Additionally, I reached out to speak to others with levator avulsion. I went to a face-to-face session held by Birth Trauma Australia and spoke to women who had the same injury as me. We discussed which practitioners they were going to, their struggles, and the things that had helped them overcome various challenges. However, the thing that helped me the most was just knowing there were other women out there dealing with the same injury and similar challenges. Online communities helped me in this way too, including Facebook groups such as an Australian pelvic organ prolapse group, Pelvic Floor Avulsion support group, and Birth Trauma Australia support group. I could ask questions and get answers from women with lived experience, who understood what I was going through. My journey with levator avulsion continues. One thing is for sure, as I age and go through menopause, things will get worse. I have tried to set myself up with good friends and professional support networks, and despite my anxiety about the future, I will just have to take each day as it comes.
Since I was diagnosed with levator avulsion and prolapse, I have read many articles from peer-reviewed journals in an effort to understand my injury.
- Approx 1 in 5 women sustain levator avulsion during their first delivery (with the incidence of avulsion reported at 13–36%, or up to 1 in 3 in some studies)
- Avulsion has been found in up to 66% of women after forceps deliveries
- 36% of women with prolapse have underlying avulsion
Realising how common this injury is, I thought surely there is a surgical fix for me and searched for more information. However, I discovered there is no surgical solution for avulsion. At best, surgery for avulsion is considered experimental. Additionally, while prolapse surgeries are relatively common, they have a high re-operation rate, around 30%, and my urogynecologist explained to me that for women with avulsion, the failure rate of prolapse surgery is much higher, around 70- 80%.
To say these statistics are shocking to me is a gross understatement. It was even more shocking to me that NOTHING big is being done to help women with birth injuries when the scale of the problem is obviously HUGE!
Listening to the news on the radio one day, hearing about endeavours to send spacecraft to Mars, and establishing communities on the Moon, I got incredibly angry. How is this fair? Somehow, millions, probably billions of dollars are poured into R&D for these activities in space, but we can’t fix a woman’s vagina after she gives life to another.
Birth injuries are a major public health issue, with long-term physical and psychological effects that severely impact the lives of thousands of women every year.

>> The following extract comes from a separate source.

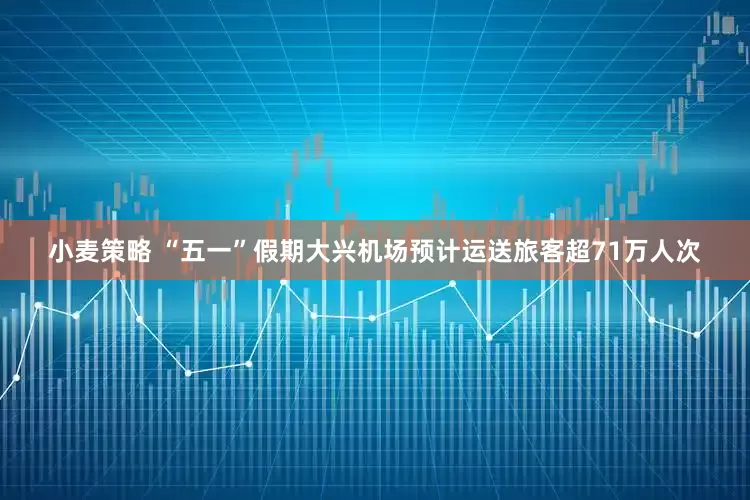 小麦策略 “五一”假期大兴机场预计运送旅客超71万人次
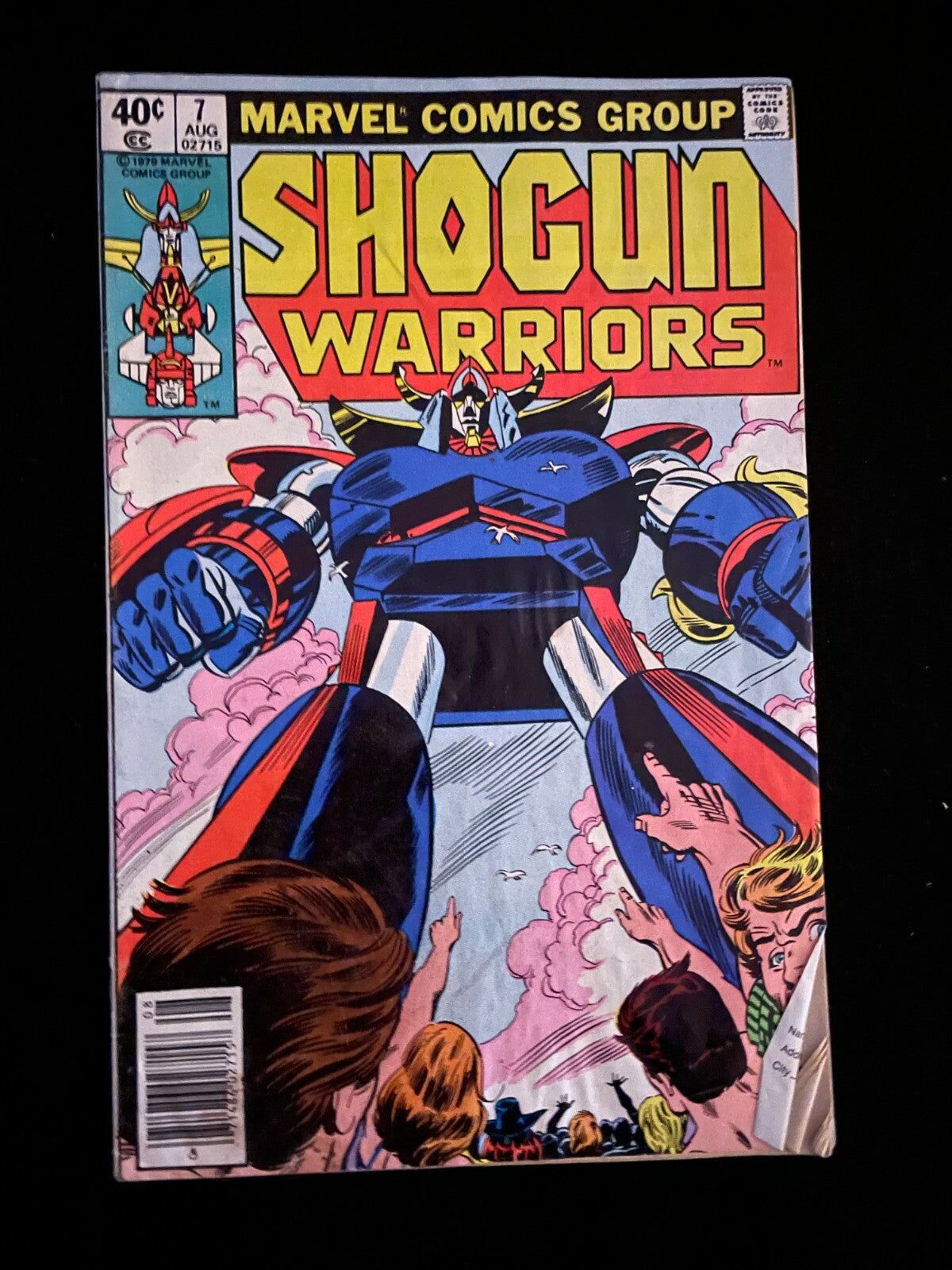 Shogun Warriors #7 Aug 1979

I believe that immediate action is required to secure funding for the diagnosis, treatment and rehabilitation of birth injuries, which are often overlooked in discussions about women’s health.
I shared my recommendations for action, as well as my mind map, with the 2023 NSW Parliamentary Inquiry into Birth Trauma.
I really want the Government to implement my recommendations
- Ensure that funding can be allocated to research on diagnosis, treatment and management of levator ani avulsion, commensurate to the economic burden of avulsion
- Address gender bias in the health system and health research by focusing on issues that impact women’s health and quality of life.
- Improve the lives of women with birth injuries by ensuring access, early diagnosis, affordability of medical and allied health services, and long-term treatment and management options.
- Provide a positive impact on the economy and society as women with avulsion will more likely be able to participate fully in society again.